I giochi di ruolo o “del fare finta che” sono essenziali per lo sviluppo psicologico e cognitivo del bambino. Mettersi nei panni di qualcun altro, che sia la mamma, la maestra, o il super eroe dei cartoni animati, faciliterà la nascita del pensiero astratto e aiuterà il bambino a provare interesse per l’altro, a sperimentare l’empatia, a mettersi nei panni di qualcun altro. Ed un bambino empatico, sarà un bambino curioso, pronto a conoscere nuove persone e fare nuove esperienze

L’interesse nasce con la privazione

L’interesse nasce quando si avverte che c’è qualcosa, per esempio un’abilità o una conoscenza, di cui si è privi, ma che ci si può procurare. Quindi, per stimolare interesse non bisogna fornire risposte o soluzioni ma aiutare il bambino a trovarle in maniera autonoma o a conquistare gli obiettivi che vuole raggiungere. Può essere utile in questo senso lasciare che il bambino si cimenti in piccole sfide quotidiane.

Fare da solo

I bambini imitano, osservano, ma per imparare hanno bisogno di fare. Il loro è un apprendere che passa per il fare, un’intelligenza sensomotoria, per dirla con le parole di Piaget. Ebbene, ogni volta che il bambino chiederà di voler fare da solo una determinata cosa, lasciate che la faccia, anche se sbaglia. Proprio all‘asilo nido, è bene assegnare ai bimbi compiti che sono in grado di portare a termine senza il vostro aiuto. Questa autonomia li gratificherà, e saranno maggiormente interessati a ciò che accade intorno a loro, ma anche a ciò che l’insegnante spiega e racconta.

L’interesse è passione
Obbligare qualcuno a provare interesse per qualcosa è il modo peggiore per suscitare un interesse autentico, soprattutto quando parliamo di bambini.

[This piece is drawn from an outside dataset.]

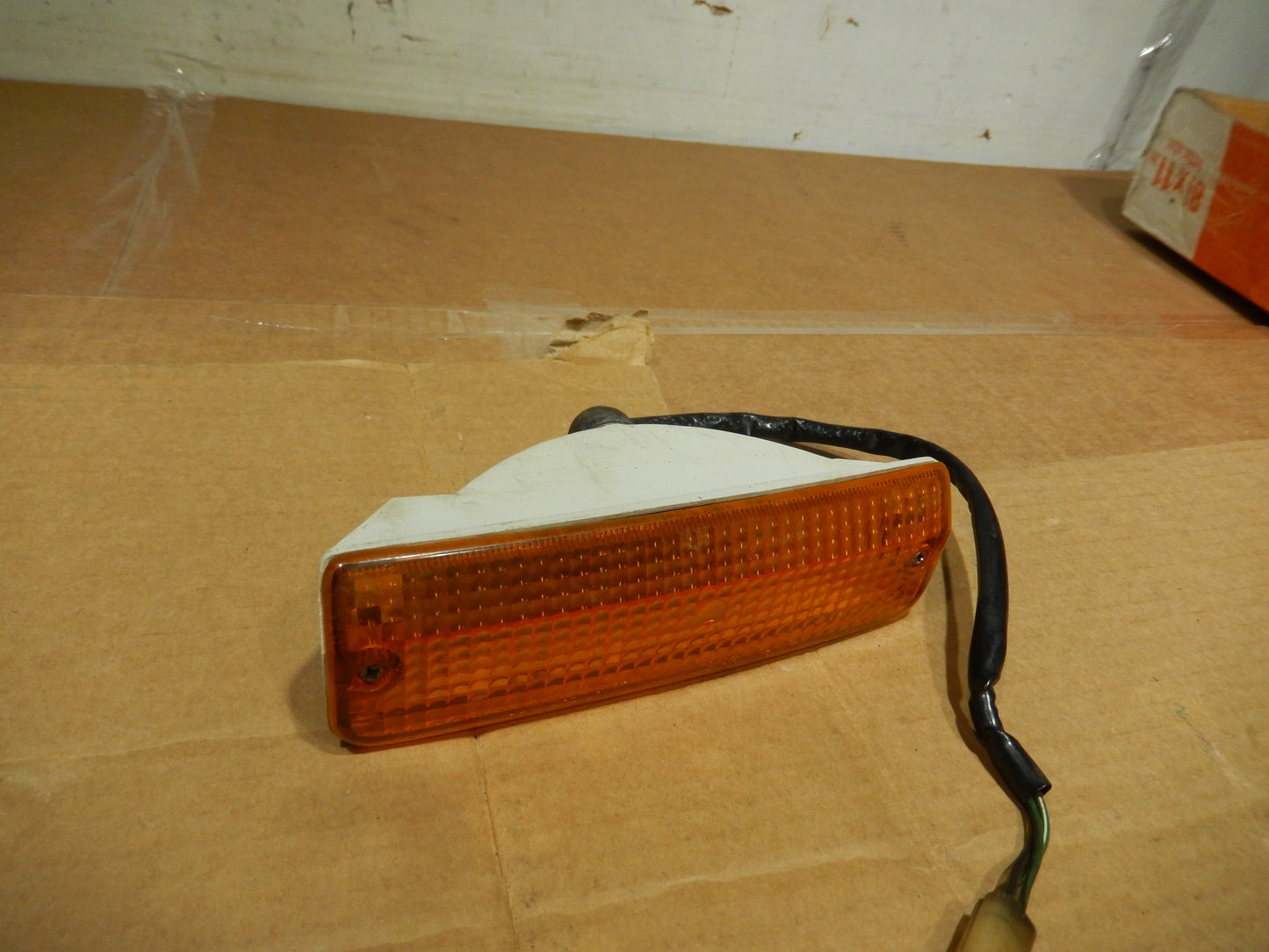 Datsun 280ZX Front Passenger's Side (right) Turn Signal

Proporre invece attività diversificate in modo che ognuno possa scegliere quella che gli interessa di più; predisporre nuovi giochi e apprendimenti; leggere libri, per esempio favole senza finale da inventare insieme; disporre materiali poveri, di scarto, con cui giocare, lavorare, creare; osservare la natura; porre facili domande che stimolano fantasia e immaginazione, soppesando di volta in volta le difficoltà ma aggiungendo sempre un pizzico di novità, di sfida o di sorpresa. Tutto questo sarà stimolante per il bambino. Incoraggiarlo a parlare delle proprie passioni, riconoscere ed apprezzare i suoi sforzi, soprattutto fornendo gratificazioni che lo rendano consapevole che attraverso l’impegno si raggiunge un risultato. Se questo diventerà per il bambino fonte di piacere, probabilmente avremo destato il suo interesse per la vita.